Data was provided by National Environmental Agency of the Ministry of Environmental Protection and Agriculture under the ENI SEIS II East project activities

Note: The data series are calculated as the average of annual mean of BOD5 (mg O2/l) (top), and ammonium concentration (mg NH4-N/l) (bottom) for river sites in the two major river basins of Georgia (Black Sea and Caspian Sea basins) and for the whole country for the period 2004-2018. The total number of river sites is given in parenthesis.

Biochemical oxygen demand (BOD) and ammonium are key indicators of organic pollution in water. BOD shows how much dissolved oxygen is needed for the decomposition of organic matter present in water. Concentrations of these parameters normally increase as a result of organic pollution caused by discharges from waste-water treatment plants, industrial effluents and agricultural run-off. Severe organic pollution may lead to rapid de-oxygenation of river water, high concentration of ammonia and disappearance of fish and aquatic invertebrates.

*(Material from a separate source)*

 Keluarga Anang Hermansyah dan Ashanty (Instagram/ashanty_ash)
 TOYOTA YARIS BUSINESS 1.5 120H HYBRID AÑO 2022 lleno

Some of the year-to-year variation can be explained by variation in precipitation and runoff.

Average BOD has decreased somewhat over the time period 2004-2018. Comparing the average of the last three years to that of the first three years, average BOD has decreased by 11% for the country as a whole. The main decrease is seen for the Black Sea basin (21%). The average for the Caspian Sea basin increased towards 2006 but has decreased since then.

 

Average ammonium concentration showed a more pronounced decrease (50% for the whole country). The largest decrease was observed for rivers draining to the Caspian Sea (62%).

 

The middle of the time series should be treated with some caution, due to lower number of samples per year. This goes in particular for the years 2011-13 and the Caspian Sea basin. This may explain some of the variability observed for ammonium concentration in this period.

 

The decrease in BOD and ammonium concentrations can be attributed to measures taken, e.g. improvement of the urban and industrial wastewater treatment. Further improvement is expected in particular for the Black Sea river basin where the large cities have not had waste-water treatment plants. Treatment plants are currently under construction in Zugdidi and Poti and construction of a treatment plant in Kutaisi is planned.

What is the current state of organic matter and ammonium pollution of rivers in Georgia?

Figure 2 - Rivers- BOD and Ammonium (2016-2018)

Data sources:

Data was provided by National Environmental Agency of the Ministry of Environmental Protection and Agriculture under the ENI SEIS II East project activities

Note: Distribution of river monitoring sites to BOD5 (left) and ammonium concentration (right) classes in the two major river basins of Georgia (Black Sea and Caspian Sea basins), based on average of the annual mean concentrations for 2016-2018. The total number of monitoring sites per river basin is given in parenthesis.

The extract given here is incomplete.